WHEN CHILDREN BECAME PEOPLE: THE BIRTH OF CHILDHOOD IN EARLY CHRISTIANITY
By O.M. Bakke; translated by Brian McNeil
Fortress, 348 pages, $18
The making of a Christian child

Reviewed by SUSAN DE GEORGE

What was it like to be a child in the early Christian church? Did you participate in worship or attend school? What did your parents expect from you and how did they treat you? How did the church’s teachings influence you and your family on these subjects? How was your life different from that of a non-Christian child growing up in the Greco-Roman world? O.M. Bakke, associate professor of church history at the School of Mission and Theology in Stavanger, Norway, begins to answer such questions with his book When Children Became People.

Dr. Bakke’s focus is on children and childhood during the first to the fifth centuries. Aiming to understand the extent to which Christianity made an impact on what adults thought about children and how they treated children in day-to-day life, Dr. Bakke approaches his material from the perspective of theological anthropology and social history. He groups sources by thematic topic (for example, abortion and infanticide, education, worship) and then, within the topic, discusses the material chronologically. By doing this, he is able to discuss both what Christians thought about children and what they taught about the treatment of children.

The author begins by looking at children in the Greco-Roman world. He analyzes the negative assessment of childhood found in pagan philosophical writings of the time in which children are seen as less than fully human because they lack the ability to reason. Why have children, then? Most of the sources suggest it’s to guarantee an heir and to provide a parent with help and support in old age. Dr. Bakke then gives an overview of how a typical Greco-Roman family would function, discussing the large number of children growing up in blended families because of remarriage; the role of nurses and pedagogues in a child’s upbringing and education; and the responsibilities fathers, mothers and children each had in a family.

After providing this larger context, Dr. Bakke looks at patristic teachings about the nature of children. The primary question raised in this section concerns a child’s nature in a moral sense. Is a child innocent or not? We learn that from the first to the third centuries, the church fathers, following the lead of Gospel passages, associated children with simplicity and purity. It was not until the fifth century and the Pelagian debate that Augustine posited children as sinners from their birth, condemned to eternal punishment if they should die unbaptized.

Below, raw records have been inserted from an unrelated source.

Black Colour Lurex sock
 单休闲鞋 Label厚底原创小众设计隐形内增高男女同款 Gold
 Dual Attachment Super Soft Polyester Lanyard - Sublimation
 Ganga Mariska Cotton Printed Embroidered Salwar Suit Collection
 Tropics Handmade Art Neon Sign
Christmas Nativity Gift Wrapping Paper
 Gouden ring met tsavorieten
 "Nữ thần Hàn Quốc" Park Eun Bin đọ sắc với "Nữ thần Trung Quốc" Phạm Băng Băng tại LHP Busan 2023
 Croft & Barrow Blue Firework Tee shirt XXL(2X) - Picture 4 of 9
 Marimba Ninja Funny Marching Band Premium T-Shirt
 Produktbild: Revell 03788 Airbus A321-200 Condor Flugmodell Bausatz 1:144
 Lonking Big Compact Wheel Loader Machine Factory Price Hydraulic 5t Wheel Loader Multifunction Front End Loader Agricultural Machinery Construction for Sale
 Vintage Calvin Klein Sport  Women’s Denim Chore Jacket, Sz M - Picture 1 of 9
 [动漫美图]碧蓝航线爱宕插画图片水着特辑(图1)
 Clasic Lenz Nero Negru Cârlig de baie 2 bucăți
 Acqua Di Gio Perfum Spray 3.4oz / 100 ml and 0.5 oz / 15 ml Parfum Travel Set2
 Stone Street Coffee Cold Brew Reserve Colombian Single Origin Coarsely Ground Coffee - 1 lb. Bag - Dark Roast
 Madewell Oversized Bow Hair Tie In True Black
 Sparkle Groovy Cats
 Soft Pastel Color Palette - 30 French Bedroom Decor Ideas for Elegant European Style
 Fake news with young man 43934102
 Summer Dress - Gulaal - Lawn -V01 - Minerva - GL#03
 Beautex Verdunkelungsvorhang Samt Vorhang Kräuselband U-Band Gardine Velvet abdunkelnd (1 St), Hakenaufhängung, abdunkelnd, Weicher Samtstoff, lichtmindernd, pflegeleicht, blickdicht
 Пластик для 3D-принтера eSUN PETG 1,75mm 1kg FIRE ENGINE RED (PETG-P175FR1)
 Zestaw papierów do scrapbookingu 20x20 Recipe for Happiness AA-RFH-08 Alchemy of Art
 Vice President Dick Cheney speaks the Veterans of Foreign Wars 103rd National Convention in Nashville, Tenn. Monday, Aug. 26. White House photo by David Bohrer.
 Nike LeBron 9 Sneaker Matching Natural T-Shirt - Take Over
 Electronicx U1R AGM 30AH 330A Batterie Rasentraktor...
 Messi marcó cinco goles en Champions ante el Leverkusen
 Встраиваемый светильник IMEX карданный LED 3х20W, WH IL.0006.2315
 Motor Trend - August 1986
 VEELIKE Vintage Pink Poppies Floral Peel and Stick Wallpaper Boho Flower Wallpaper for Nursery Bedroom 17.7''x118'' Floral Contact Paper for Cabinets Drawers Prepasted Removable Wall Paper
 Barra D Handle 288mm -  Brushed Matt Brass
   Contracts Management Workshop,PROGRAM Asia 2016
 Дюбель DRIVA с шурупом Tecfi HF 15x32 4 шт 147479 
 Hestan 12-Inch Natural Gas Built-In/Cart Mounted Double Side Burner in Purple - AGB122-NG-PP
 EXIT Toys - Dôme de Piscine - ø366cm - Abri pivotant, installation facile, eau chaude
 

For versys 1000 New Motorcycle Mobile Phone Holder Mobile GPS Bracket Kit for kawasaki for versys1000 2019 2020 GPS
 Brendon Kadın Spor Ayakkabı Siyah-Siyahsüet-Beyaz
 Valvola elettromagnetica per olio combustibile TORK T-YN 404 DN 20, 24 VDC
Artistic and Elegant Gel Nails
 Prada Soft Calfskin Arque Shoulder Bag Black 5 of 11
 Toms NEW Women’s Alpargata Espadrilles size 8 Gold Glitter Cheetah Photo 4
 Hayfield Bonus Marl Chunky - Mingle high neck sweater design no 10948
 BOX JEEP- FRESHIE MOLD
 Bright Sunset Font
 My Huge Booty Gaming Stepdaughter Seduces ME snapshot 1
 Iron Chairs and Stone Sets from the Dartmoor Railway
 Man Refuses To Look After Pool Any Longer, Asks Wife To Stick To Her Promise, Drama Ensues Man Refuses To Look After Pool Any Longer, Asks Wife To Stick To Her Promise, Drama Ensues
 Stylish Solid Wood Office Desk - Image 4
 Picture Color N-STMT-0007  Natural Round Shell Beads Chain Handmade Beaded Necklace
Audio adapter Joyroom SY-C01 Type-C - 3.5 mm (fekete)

The church fathers apparently had a different attitude toward the worth of young children than pagan ethicists did. For Christian writers, all human beings, including babies, were of value because they were created by God. This led the patristic authors to prohibit commonly accepted practices of the day such as abortion (in the Western church after full formation, in the Eastern church from conception on), exposure of infants during the first few days of life, and infanticide. Beginning in the third century, these early church leaders also emphasized the connection between a parent’s duty to raise a Christian child properly and the question of eternal salvation. Children were to be obedient. Teenagers were to be separated by gender so that sons would remain abstinent until marriage. Any child leaving the home was to be under constant supervision. Among the methods used to enforce these early Christian ideals of conduct were limited contact with the pagan world, good role models and, to a much greater degree than in the pagan world, corporal punishment. Should a child fail to meet the standards the church fathers listed, the eternal salvation of the child -- and, according to some patristic writers, the parents as well -- was at stake.

Another topic Dr. Bakke discusses is the role of children in worship, including their participation in hymn singing and in the sacraments. And he treats the thorny question raised by such narratives as the Martyrdom of Perpetua and Felicity: What should a parent do when faced with the conflict of caring for a child or leading a life of Christian perfection and, in many cases, martyrdom? The most common answer -- one that Dr. Bakke gives but then tries to back away from by putting possible but unsupported limits on it -- was to abandon the children and become a hero by following God, even if it was to your death.

Dr. Bakke is a clear writer who provides lots of guidance and summaries throughout the text. He is doing some groundbreaking work in this book. Nevertheless, there is a major weakness in the work, one of which Dr. Bakke himself is aware. Almost all the sources drawn upon are literary ones written by upper-strata, elite male Christians, and these letters, treatises and church orders are prescriptive rather than descriptive material. How closely these sources reflect the reality of the life of well-to-do Christian families, much less families of lower social strata, is uncertain. We don’t know, therefore, whether the picture that Dr. Bakke paints for us is one of an idealized world as the church fathers see it, one that captures some of what life would have been like for Christian children in those centuries or, most probably, some unknown amalgam of the two.

Susan De George teaches religion and philosophy at Mercy College in Dobbs Ferry, N.Y.